Je n'aime pas la tendance à l'hyper-segmentation de la programmation. Autrement dit, si vous aimez la musique ancienne, allez-vous aux Llums d'Antiga et sautez-vous les concerts à l'automne ? Je préfère l'idée d'un cycle, et la contextualiser : nous aurons bientôt une nouvelle année Beethoven, et je pense qu'il est judicieux de comparer les créations actuelles avec celles des grands classiques, de commander des œuvres et de demander au compositeur son avis sur Beethoven ou d'autres. Je constate aussi que l'on entend des créations contemporaines, mais qu'il y a un manque de musique du XXe siècle. Ligeti est rarement entendu à l'Auditori. Ou Krenek. L'OBC est très flexible ; il a intégré un répertoire important au fil des ans et s'adapte de mieux en mieux. J'apprécie ce niveau d'exigence.

Êtes-vous d’accord avec la saison que Brufau laisse derrière lui ?

Je suis heureux, oui, car c'est moi qui dois le vendre, et je veux m'assurer que les abonnés soient bien traités et récompenser leur fidélité. Je ne pense pas que le modèle d'abonnement doive être abandonné sous prétexte qu'il est en déclin. S'il ne fonctionne pas, il faut comprendre pourquoi. Certains orchestres en Europe en ont beaucoup, et je pense qu'il y a une marge de progression. Le public fait aussi partie d'un projet, pas seulement les chefs d'orchestre, les artistes invités et les musiciens. Ce qui me touche le plus lors des concerts de l'OBC, ce sont les applaudissements finaux, car ils permettent de mieux connaître les musiciens ; c'est très personnel.

Vont-ils chercher un remplaçant pour diriger la Ciutat de Clàssica ?

Nous nous rencontrerons bientôt pour en discuter. Je souhaite que le groupe soit plus actif.
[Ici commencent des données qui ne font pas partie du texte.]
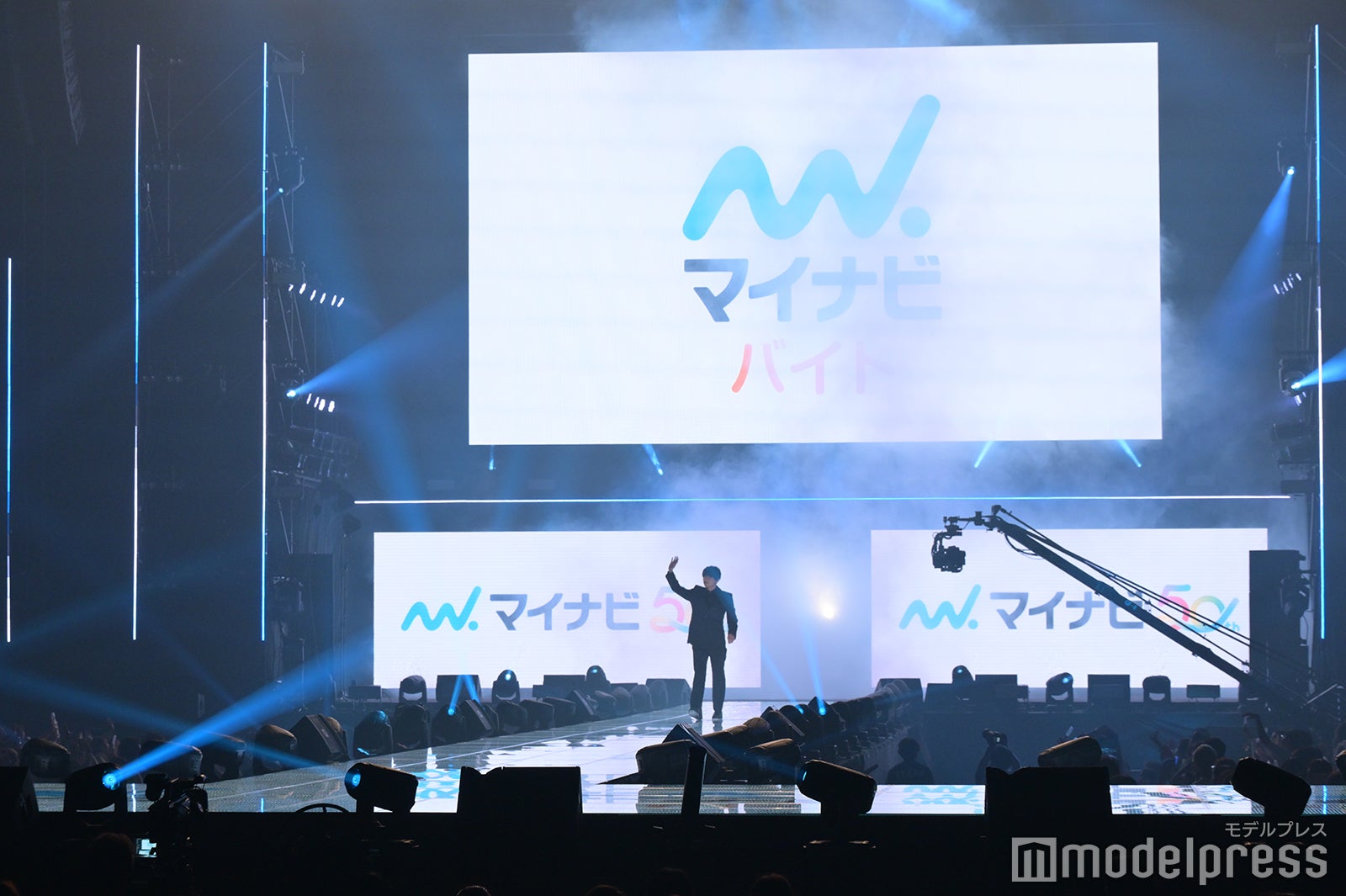 吉沢亮 （C）モデルプレス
Je ne vois pas non plus d'incompatibilité entre la supervision du festival et mon poste, qui consiste à collaborer avec les autres salles et organisations concernées.

Que pensez-vous du fait que l’invasion de l’Ukraine a fermé la porte à Gergiev et au Mariinsky ?
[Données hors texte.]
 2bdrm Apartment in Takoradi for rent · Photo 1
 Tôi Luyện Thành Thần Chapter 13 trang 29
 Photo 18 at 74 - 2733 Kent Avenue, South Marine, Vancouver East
Les organisations culturelles doivent s'impliquer dans la société sur les questions urgentes ; elles ne peuvent être isolées. Mais en même temps, nous sommes transversales ; nous sommes une entité publique qui ne peut imposer d'a priori. Nous avons nos valeurs, mais nous ne pouvons fermer la porte à personne pour des raisons idéologiques.

Si Ibercamera amène le Mariinsky, trouvera-t-il la porte de L'Auditori ouverte ?

Lorsque la question sera suffisamment mûre, nous en discuterons, car il est évident que le conflit est très complexe. Il y a quelques mois, on disait qu'il serait résolu en trois jours, mais il s'est avéré que ce n'est pas si simple.